In the material below, find the line with "mat, Gold Classic" and the line with "Großmutter der Brauthochzeit-Rote". Output exactly those two lines and all lines between them, leaving out pictures.
[MATERIAL PROVIDED Boundary: Start]
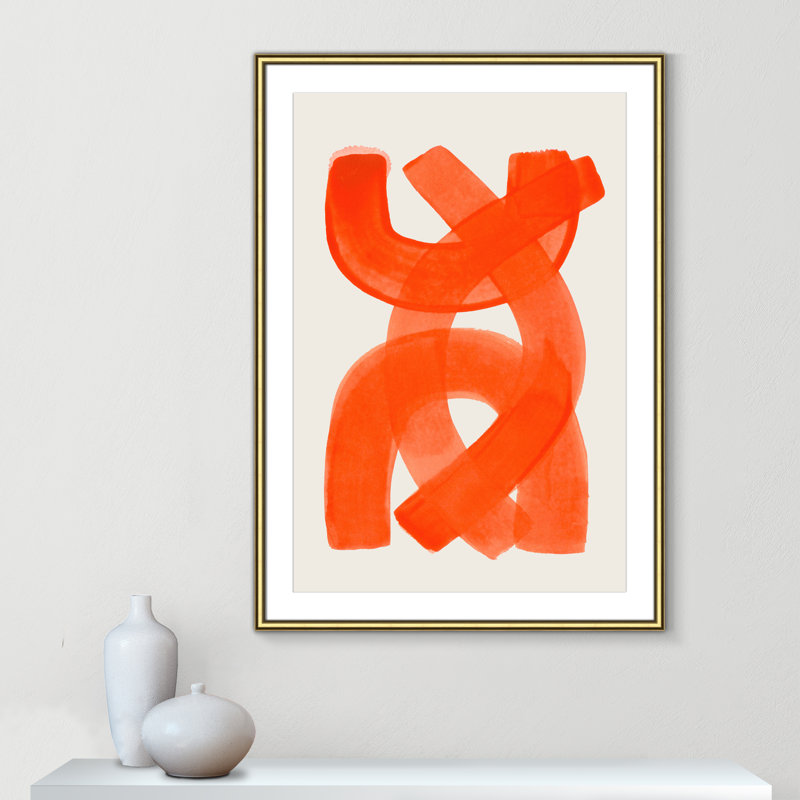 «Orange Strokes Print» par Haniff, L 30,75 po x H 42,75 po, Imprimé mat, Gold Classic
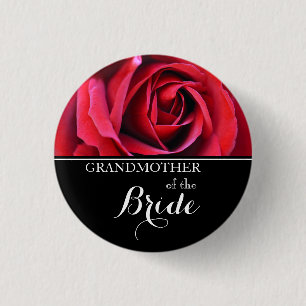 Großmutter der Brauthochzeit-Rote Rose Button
[MATERIAL PROVIDED Boundary: End]
[MATERIAL PROVIDED Boundary: Start]
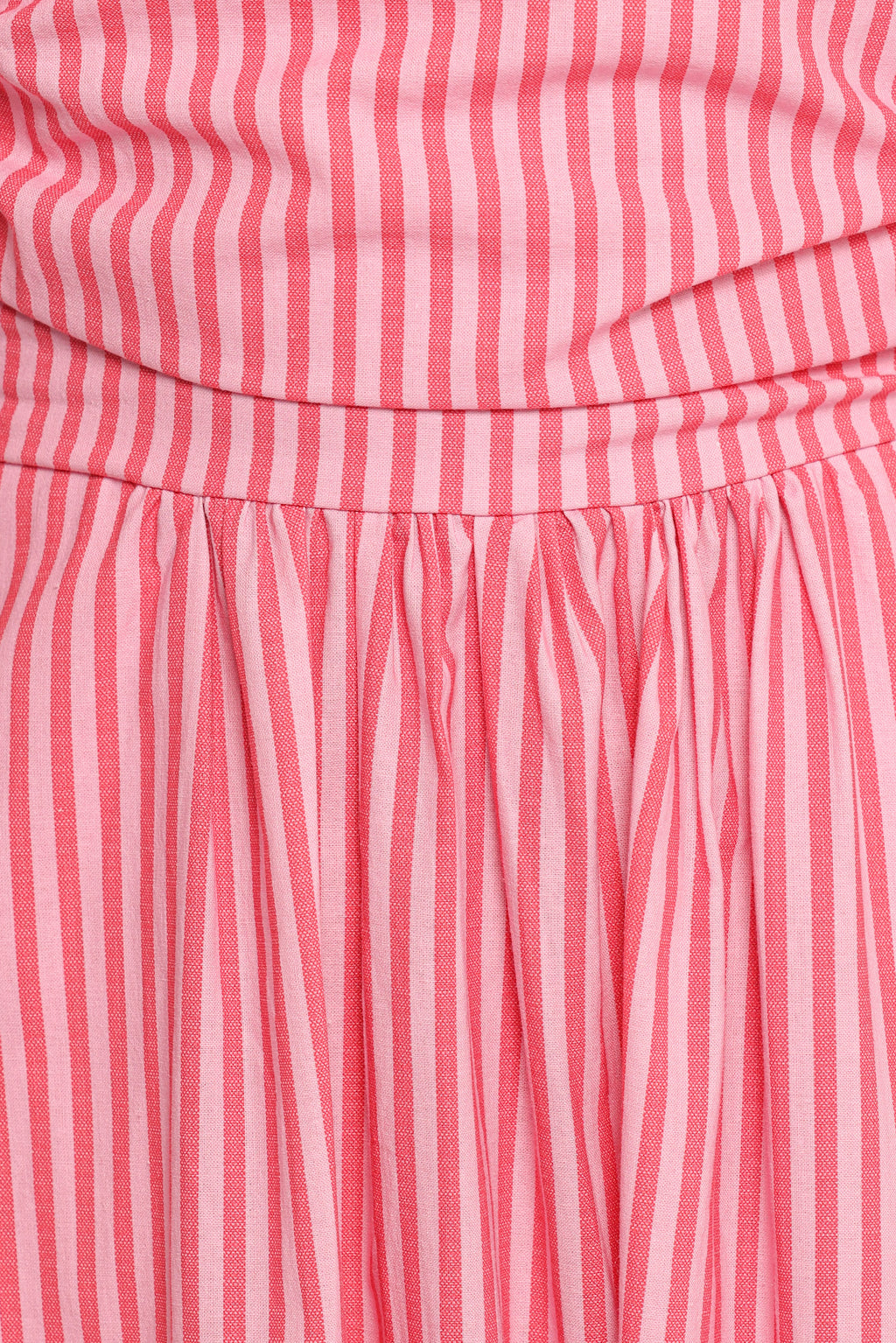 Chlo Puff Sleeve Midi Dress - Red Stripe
[MATERIAL PROVIDED Boundary: End]
[MATERIAL PROVIDED Boundary: Start]
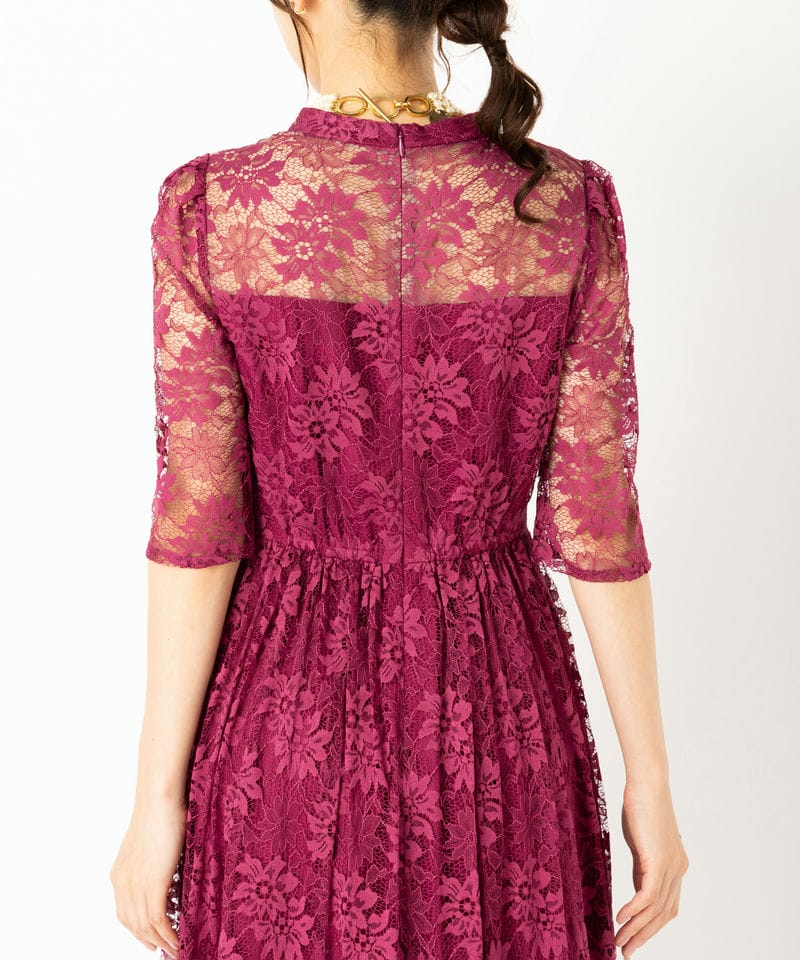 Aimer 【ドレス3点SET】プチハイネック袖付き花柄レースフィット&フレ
[MATERIAL PROVIDED Boundary: End]
- FINAL ANSWER -
 «Orange Strokes Print» par Haniff, L 30,75 po x H 42,75 po, Imprimé mat, Gold Classic
 Großmutter der Brauthochzeit-Rote Rose Button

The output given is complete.